It’s not much surprise that Jack’s unexpected musical goldmine ends up being a lot more complicated than he anticipated, resulting in all types of unpredictable consequences. For one thing, his long-suffering but loyal manager Ellie (Lily James) finally acknowledges that she’s always had a crush on him — a feeling he was too timid to express himself — but now he’s too in-demand for them to have time together. However, the ripple effects are also existential: Jack’s growing stardom only increasingly gnaws at him since he’s not deserving of the accolades. When people ask him what motivated the writing of, say, “Hey Jude,” he’s forced to regurgitate the real story as if it happened to him. But he knows it didn’t — and the loneliness of that knowledge is, somehow, more crushing. He’ll never be caught in his lie, but that only makes his guilt worse. He can’t even come clean that he’s a fraud — who would believe him when no one has a memory of John, Paul, George and Ringo?
Yesterday isn’t sharp enough to let that irony really draw blood. But the movie does deftly articulate what imposter syndrome feels like when it’s just you and your warped brain having a conversation about how undeserving you are of being recognized for your gifts. To the outside world, you’re someone with talent who has something meaningful to share with the rest of society. But you don’t see it that way — you only feel the ceaseless doubts and raging self-loathing.

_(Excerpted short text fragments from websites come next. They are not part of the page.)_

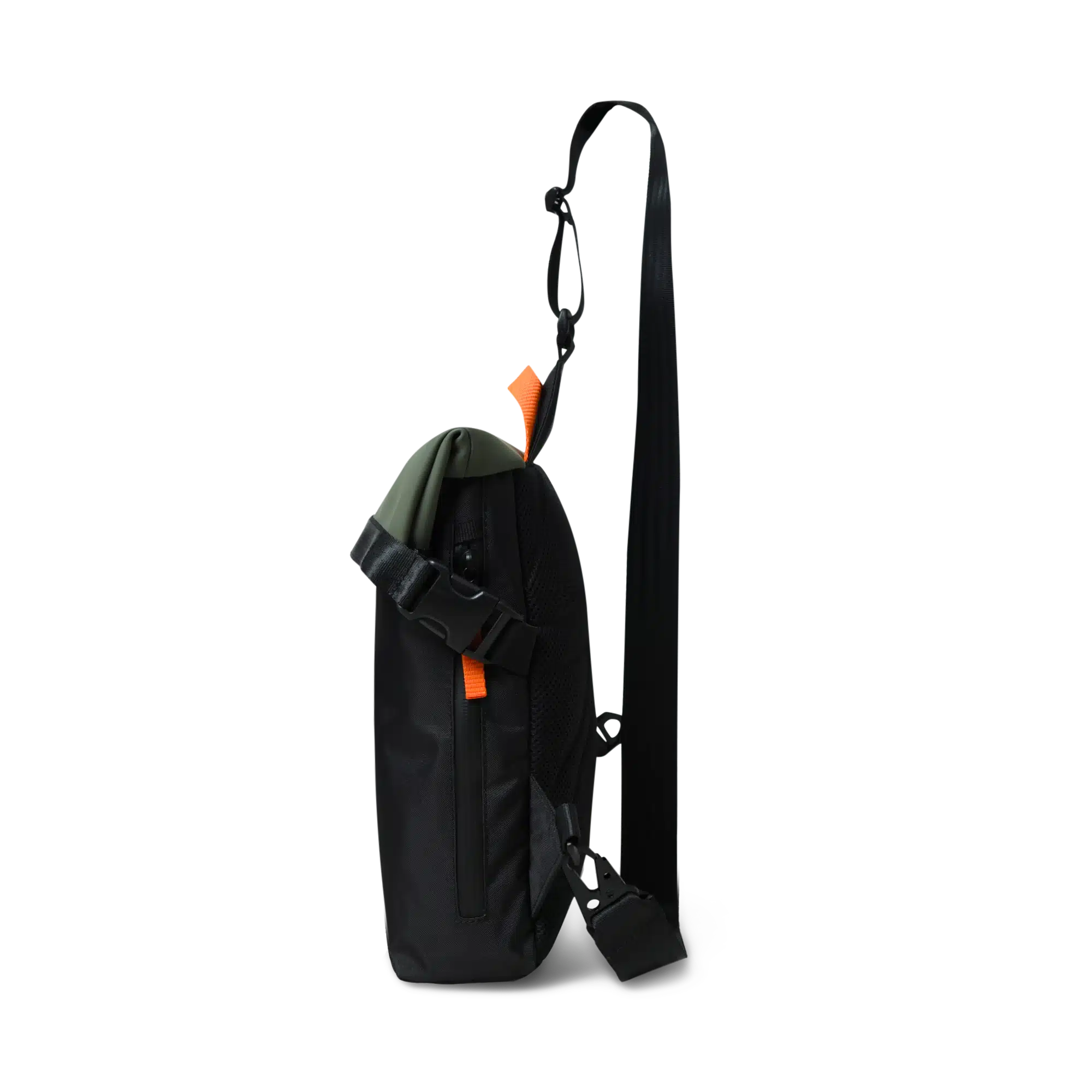 Crossbody Bag Alma - Schwarz/Oliv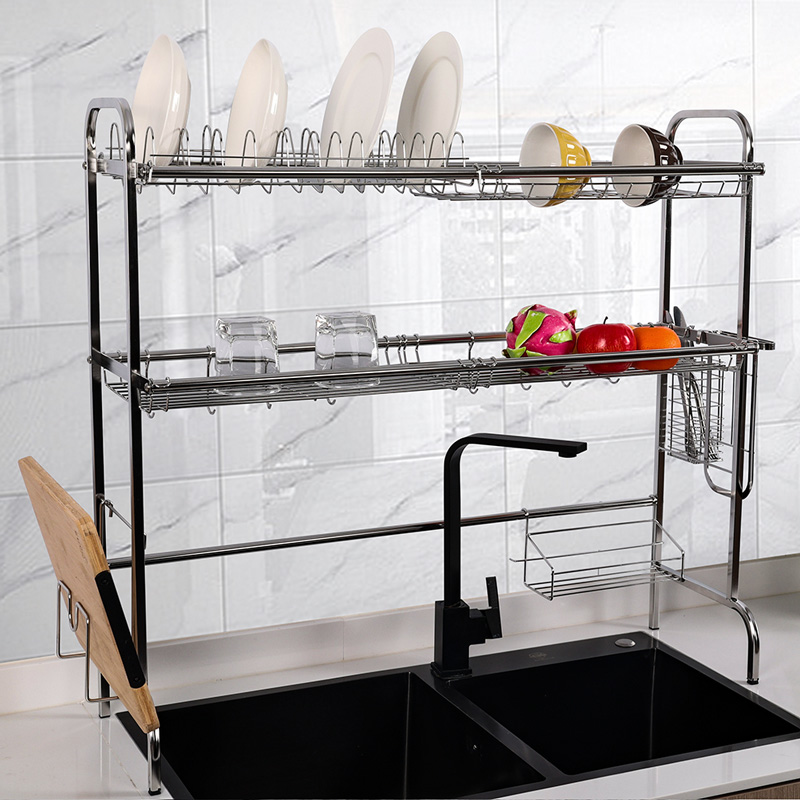 Large Capacity Stainless Steel Sink Dish Rack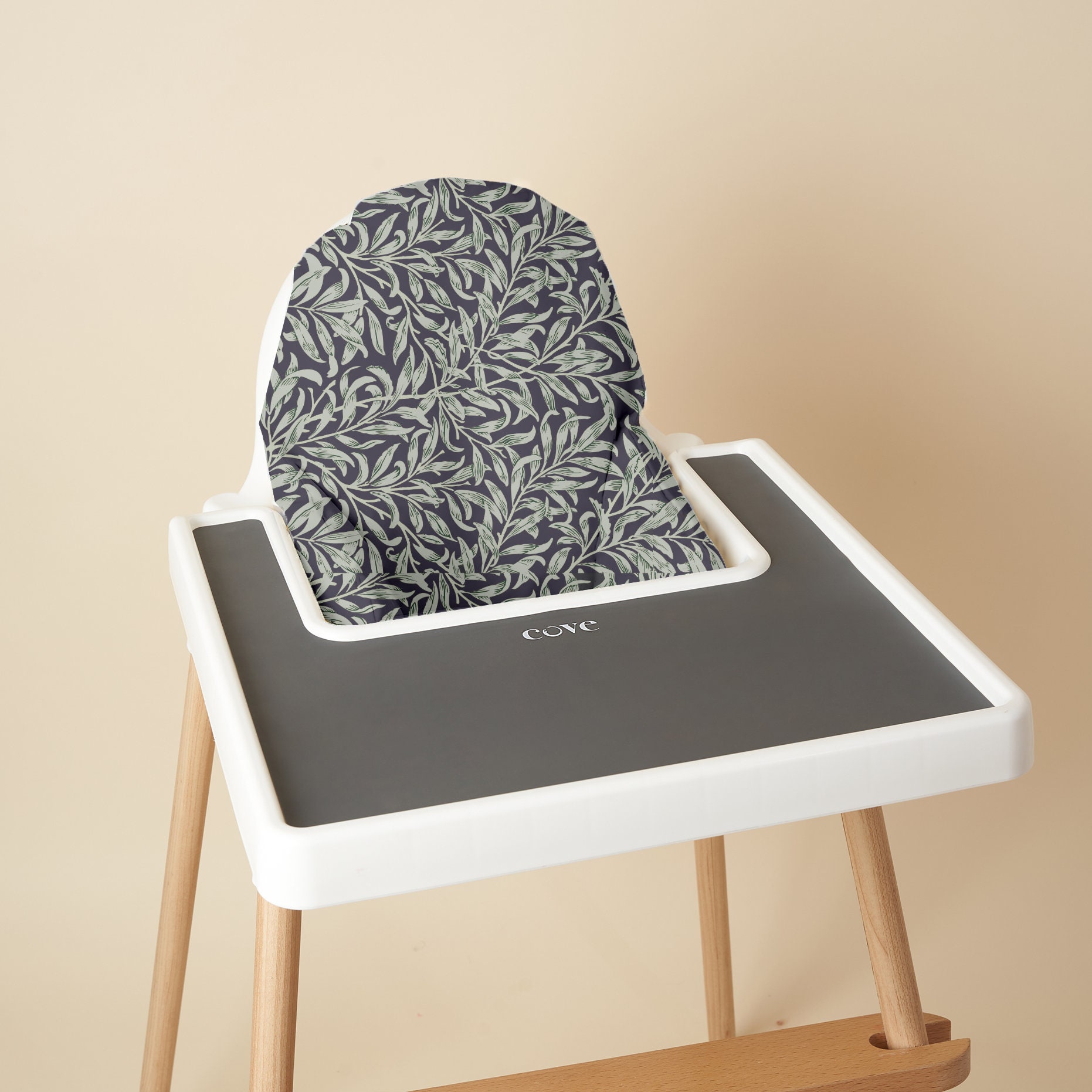 Highchair Seat Mothers Choice Breeze Highchair Dove Grey Wipeable
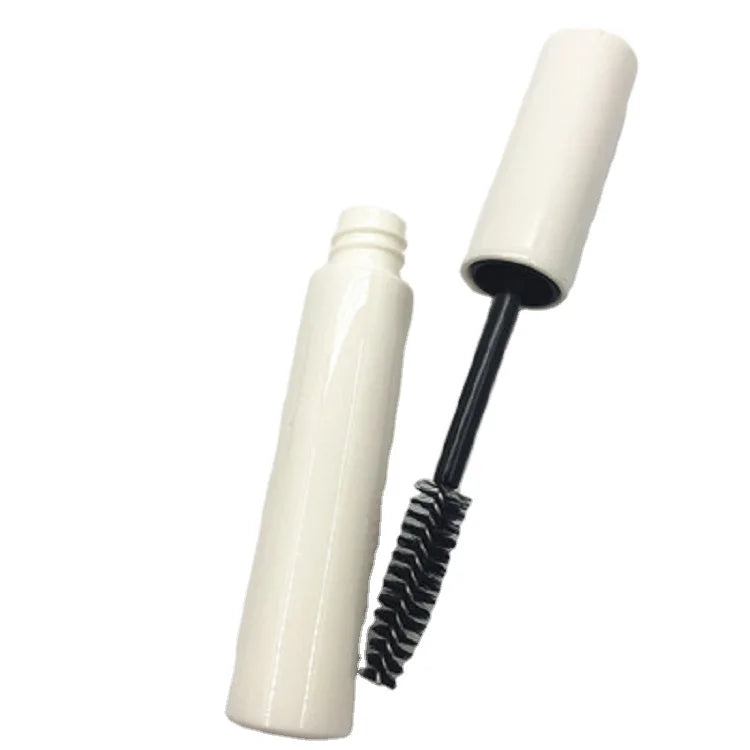 Empty 10ml Round White Cosmetic Bottles Eyeliner Mascara Eyelash Lip Gloss Packaging Tubes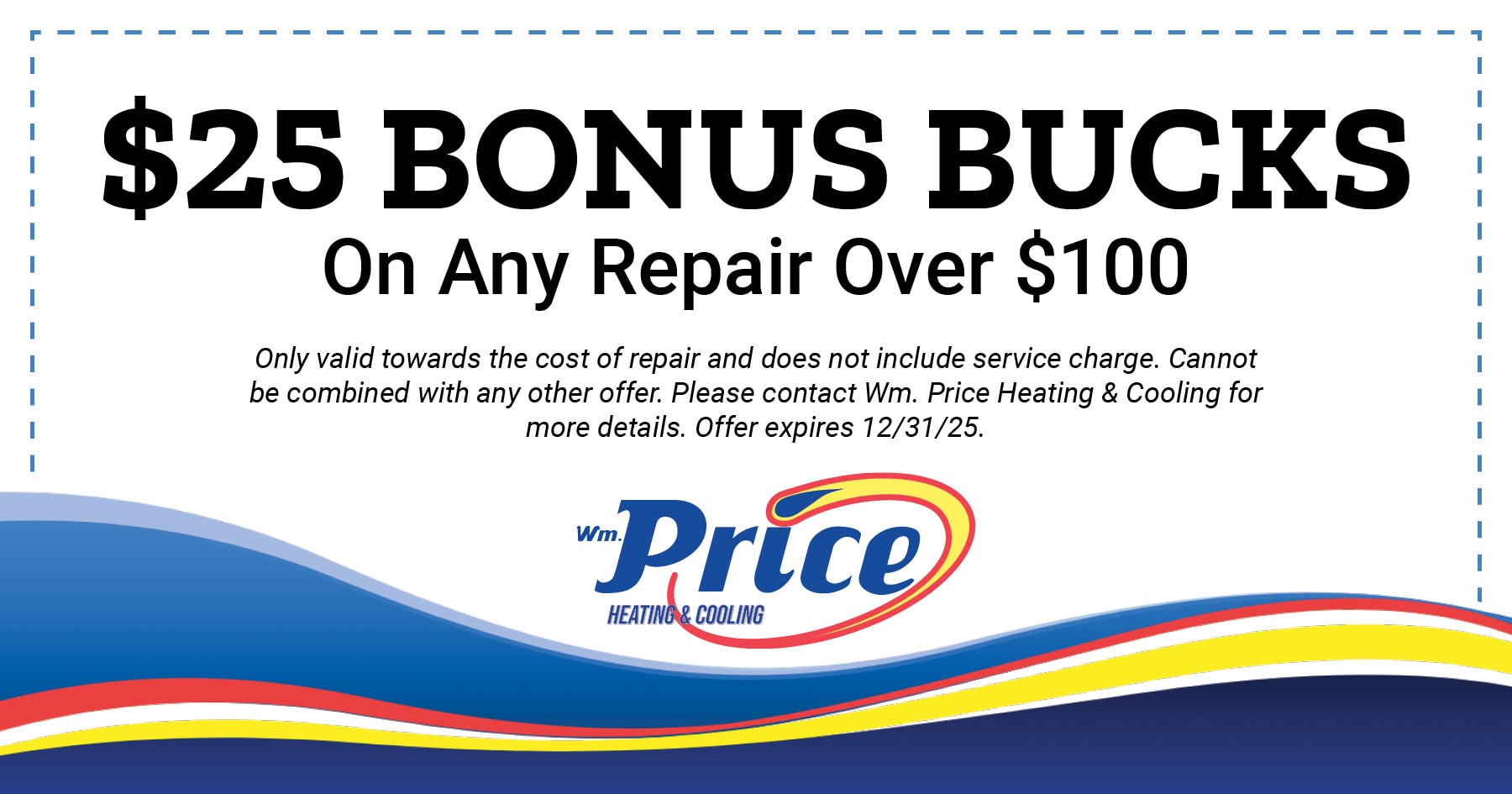  BONUS BUCKS on any repair over 0.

For a moment, Jack seems to have sidestepped those insecurities thanks to a cosmic anomaly, but they soon come back to haunt him in a cruelly novel way that no one on Earth has ever experienced.
Steven Spielberg, by any metric a massively successful director, once quoted his filmmaking mentor Henry Hathaway about imposter syndrome. This is what Hathaway told him: “There are going to be moments, where you get to set, and you are not going to know what the hell you’re doing. It happens to all of us; you’ve got to guard that secret with your life. Let no one see when you’re unsure of yourself … or you lose the respect of everyone.” Most of us have had to adopt that fake-it-till-you-make-it mindset on occasion, bluffing confidence when we’re actually a bundle of nerves and inexperience, but in Yesterday, Jack’s weird tragedy is that he has no choice but to keep his secret to himself. And in the process, that secret eats him up. He’s a global sensation because of the Beatles songs, but like a lot of talented people, he just thinks of himself as a charlatan. Unlike other talented people, though, he’s 100 percent right in his assessment.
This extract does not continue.